Maybe I would pick Koji Kondo and Nobuo Uematsu. They have both done a lot of really excellent soundtracks, and I can't think of any conventional non-game artists I wouldn't get sick of after a while.
But those I never get sick of, there's enough variety to them.


----------



## player594 (Mar 2, 2019)

Well I'm old school mostly. But love all types of music. But my choices would be Queen and Shinedown.


----------



## Mythical (Mar 2, 2019)

I generally only listen to random singles from various Indie bands. If I had to choose I guess it would be
Jon Sudano and The Marias, if Sudano Doesn't count then Nujabes


----------



## bodefuceta (Mar 2, 2019)

Hildegard von Bingen and Carlo Gesualdo.


----------



## Hanafuda (Mar 2, 2019)

I'm in an interesting predicament with this topic. I'm 51 years old, so a lot of the 'classic' selections you guys have been choosing were 'current' music for me once upon a time. Most anything from the 60's, 70's, 80's, 90's ... well I still love that music but I've heard it to death already. 

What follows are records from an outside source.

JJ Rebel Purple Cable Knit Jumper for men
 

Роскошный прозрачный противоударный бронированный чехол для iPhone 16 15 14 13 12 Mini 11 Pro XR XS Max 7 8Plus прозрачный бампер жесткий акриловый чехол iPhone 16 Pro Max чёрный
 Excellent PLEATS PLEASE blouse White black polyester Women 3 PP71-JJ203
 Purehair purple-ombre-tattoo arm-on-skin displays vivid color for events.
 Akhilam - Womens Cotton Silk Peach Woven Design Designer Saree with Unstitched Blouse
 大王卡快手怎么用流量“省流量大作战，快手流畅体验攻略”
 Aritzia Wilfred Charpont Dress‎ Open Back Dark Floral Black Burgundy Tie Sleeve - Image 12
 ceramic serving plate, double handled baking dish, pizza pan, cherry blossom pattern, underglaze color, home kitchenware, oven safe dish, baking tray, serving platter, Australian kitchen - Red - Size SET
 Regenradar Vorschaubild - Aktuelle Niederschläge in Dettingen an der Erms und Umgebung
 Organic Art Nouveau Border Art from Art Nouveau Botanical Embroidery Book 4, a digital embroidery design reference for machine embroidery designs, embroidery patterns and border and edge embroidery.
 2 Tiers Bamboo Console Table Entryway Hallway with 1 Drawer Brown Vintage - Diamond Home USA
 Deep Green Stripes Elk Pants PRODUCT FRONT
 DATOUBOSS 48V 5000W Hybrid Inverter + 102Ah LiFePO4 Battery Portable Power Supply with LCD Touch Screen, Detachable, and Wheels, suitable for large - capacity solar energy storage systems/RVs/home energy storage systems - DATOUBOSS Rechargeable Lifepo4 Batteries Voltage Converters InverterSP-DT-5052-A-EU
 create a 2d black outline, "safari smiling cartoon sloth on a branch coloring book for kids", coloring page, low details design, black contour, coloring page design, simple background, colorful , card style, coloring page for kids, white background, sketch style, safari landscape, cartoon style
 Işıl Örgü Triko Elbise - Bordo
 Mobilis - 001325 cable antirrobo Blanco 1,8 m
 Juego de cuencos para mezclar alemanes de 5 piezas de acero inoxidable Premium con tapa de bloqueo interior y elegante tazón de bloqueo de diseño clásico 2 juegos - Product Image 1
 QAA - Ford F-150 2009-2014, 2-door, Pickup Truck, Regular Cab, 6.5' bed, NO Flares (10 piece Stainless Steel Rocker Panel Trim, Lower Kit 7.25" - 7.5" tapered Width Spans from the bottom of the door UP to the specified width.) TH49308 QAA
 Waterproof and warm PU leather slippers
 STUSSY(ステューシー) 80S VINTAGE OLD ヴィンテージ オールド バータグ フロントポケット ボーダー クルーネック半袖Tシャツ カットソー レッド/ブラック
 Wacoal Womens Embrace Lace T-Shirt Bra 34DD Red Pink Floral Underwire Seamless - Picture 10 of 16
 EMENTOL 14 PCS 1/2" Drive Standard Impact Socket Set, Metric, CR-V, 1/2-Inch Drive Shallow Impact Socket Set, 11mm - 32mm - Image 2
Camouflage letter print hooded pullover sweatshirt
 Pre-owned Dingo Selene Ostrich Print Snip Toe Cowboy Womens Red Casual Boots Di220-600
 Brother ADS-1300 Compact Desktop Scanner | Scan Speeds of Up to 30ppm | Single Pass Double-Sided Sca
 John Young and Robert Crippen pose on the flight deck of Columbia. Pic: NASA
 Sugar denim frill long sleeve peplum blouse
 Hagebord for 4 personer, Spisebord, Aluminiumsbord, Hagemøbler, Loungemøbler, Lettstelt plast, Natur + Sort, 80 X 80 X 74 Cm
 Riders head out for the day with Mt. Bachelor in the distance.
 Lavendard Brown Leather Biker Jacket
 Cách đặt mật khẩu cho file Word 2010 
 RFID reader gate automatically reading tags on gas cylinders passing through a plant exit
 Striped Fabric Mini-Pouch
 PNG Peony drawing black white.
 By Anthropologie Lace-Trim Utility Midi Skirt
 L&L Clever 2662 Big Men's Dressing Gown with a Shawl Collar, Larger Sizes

Also, I have no idea how many years I have left, but any more than 30 is being downright optimistic. I mean, could happen. Or I could drop dead tomorrow. So whatever 2 artists/groups I choose, I won't be stuck with them as long as most of you would be.

Ok, so anyway ...

1> Frankie and the Witch Fingers

2> Causa Sui


----------



## xbmcuser (Mar 2, 2019)

You're all wrong!

The only artist you should listen to is Koji Kondo.




Hums the super mario theme, tnow starting to listen to OOT soundtrack on youtube.


----------



## Quantumcat (Mar 2, 2019)

They Might Be Giants and The Beatles


----------